The Saint John Police Force is looking for a 6.6 per cent increase in its budget and the bulk of the $1.5 million in new funds will be directed to salary hikes for 147 unionized officers.
Saint John Police Chief Bill Reid made a presentation to city council on Tuesday night and told councillors he has very little control over his budget.
Reid said salaries and other built-in policing costs mean there is no way he can cut his budget down to a zero or two per cent increase as city council has requested.
"But I don't have the real money you're talking about. I don't have it. I don't have it to take away. Non-discretionary is 90.9 per cent,” Reid said.
The discretionary portions of the police budget include patrol cars, gasoline and officer training.

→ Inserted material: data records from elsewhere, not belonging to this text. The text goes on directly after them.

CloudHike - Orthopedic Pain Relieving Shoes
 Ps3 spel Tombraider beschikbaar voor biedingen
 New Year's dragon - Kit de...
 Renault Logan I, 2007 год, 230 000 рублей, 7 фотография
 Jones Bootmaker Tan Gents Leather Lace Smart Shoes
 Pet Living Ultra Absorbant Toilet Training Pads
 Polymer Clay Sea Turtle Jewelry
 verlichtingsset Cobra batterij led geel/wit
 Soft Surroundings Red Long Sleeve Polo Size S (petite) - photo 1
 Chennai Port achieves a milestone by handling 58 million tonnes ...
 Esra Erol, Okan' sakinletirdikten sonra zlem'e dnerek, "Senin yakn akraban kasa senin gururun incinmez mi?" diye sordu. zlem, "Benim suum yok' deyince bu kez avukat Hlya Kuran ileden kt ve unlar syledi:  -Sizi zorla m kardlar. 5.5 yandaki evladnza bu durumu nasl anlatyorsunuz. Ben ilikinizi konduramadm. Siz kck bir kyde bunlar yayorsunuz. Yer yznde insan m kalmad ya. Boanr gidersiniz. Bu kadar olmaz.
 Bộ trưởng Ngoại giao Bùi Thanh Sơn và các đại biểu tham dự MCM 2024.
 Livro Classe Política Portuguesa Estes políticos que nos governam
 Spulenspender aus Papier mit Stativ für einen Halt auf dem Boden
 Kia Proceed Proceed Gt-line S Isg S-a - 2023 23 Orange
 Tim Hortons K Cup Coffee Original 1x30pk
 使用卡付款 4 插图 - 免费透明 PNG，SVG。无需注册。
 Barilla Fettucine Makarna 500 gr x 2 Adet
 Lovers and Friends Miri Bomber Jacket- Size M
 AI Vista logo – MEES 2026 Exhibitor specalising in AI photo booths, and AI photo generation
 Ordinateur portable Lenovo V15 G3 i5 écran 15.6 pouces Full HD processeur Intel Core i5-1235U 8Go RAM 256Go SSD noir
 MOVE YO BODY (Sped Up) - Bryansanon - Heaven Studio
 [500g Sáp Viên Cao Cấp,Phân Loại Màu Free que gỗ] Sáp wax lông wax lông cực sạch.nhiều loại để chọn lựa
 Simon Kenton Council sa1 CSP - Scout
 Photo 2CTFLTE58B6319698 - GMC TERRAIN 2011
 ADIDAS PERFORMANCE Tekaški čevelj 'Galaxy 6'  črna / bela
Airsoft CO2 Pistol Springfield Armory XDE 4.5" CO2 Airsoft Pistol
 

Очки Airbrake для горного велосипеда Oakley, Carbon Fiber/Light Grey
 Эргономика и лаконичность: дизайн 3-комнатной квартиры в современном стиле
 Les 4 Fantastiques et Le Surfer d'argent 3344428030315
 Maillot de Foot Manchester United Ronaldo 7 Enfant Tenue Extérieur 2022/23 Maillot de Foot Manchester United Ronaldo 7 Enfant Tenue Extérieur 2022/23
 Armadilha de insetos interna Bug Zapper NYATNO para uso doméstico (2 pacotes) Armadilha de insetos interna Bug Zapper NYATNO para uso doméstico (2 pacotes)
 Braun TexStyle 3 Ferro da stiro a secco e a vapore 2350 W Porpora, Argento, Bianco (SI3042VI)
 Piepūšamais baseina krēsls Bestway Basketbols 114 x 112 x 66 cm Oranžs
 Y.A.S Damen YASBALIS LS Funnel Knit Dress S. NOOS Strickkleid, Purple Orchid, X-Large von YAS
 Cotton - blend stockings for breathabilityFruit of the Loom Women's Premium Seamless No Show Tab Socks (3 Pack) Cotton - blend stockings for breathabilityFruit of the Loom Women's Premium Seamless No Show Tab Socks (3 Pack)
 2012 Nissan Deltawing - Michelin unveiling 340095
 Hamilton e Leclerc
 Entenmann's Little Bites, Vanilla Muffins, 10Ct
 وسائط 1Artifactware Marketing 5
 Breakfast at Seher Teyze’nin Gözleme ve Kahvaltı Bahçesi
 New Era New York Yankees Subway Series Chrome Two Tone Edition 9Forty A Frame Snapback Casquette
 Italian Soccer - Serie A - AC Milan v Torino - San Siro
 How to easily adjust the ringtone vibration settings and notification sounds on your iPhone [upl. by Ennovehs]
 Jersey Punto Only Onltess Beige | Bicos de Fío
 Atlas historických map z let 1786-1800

After a two-year wage freeze, police officers recently signed a new deal that will give them a 12 per cent increase over three years.
The salary increases are retroactive to the beginning of last year. Under the terms of the deal, unionized officers in the city will receive an extra 4.5 per cent for 2013, 3.75 per cent in 2014 and 3.75 per cent in 2015.
Saint John Mayor Mel Norton said on Tuesday he knew the large budget request was coming from the police.
The mayor sits on the police commission that approved the new contract. What Norton said he doesn't know yet is what the increase will do to city finances.
"It is very difficult to understand how we would find that resource," he said.
Norton estimated that it would take a six-cent property tax increase to raise the funds for the police budget.
The new contract protects existing police officers from layoffs but the deal will allow reductions or the opportunity to convert some positions into civilian jobs in the future.
Saint John has been reviewing the spending of each of its departments. The city has asked what would happen if each department had its spending limited to a two-per-cent increase for inflation and what would happen if the budget was frozen.
The mayor started the process to give councillors a thorough understanding of the spending pressures in the city.
Norton also said in March the comprehensive review will almost certainly result in a shifting of funds and with some city services being cut.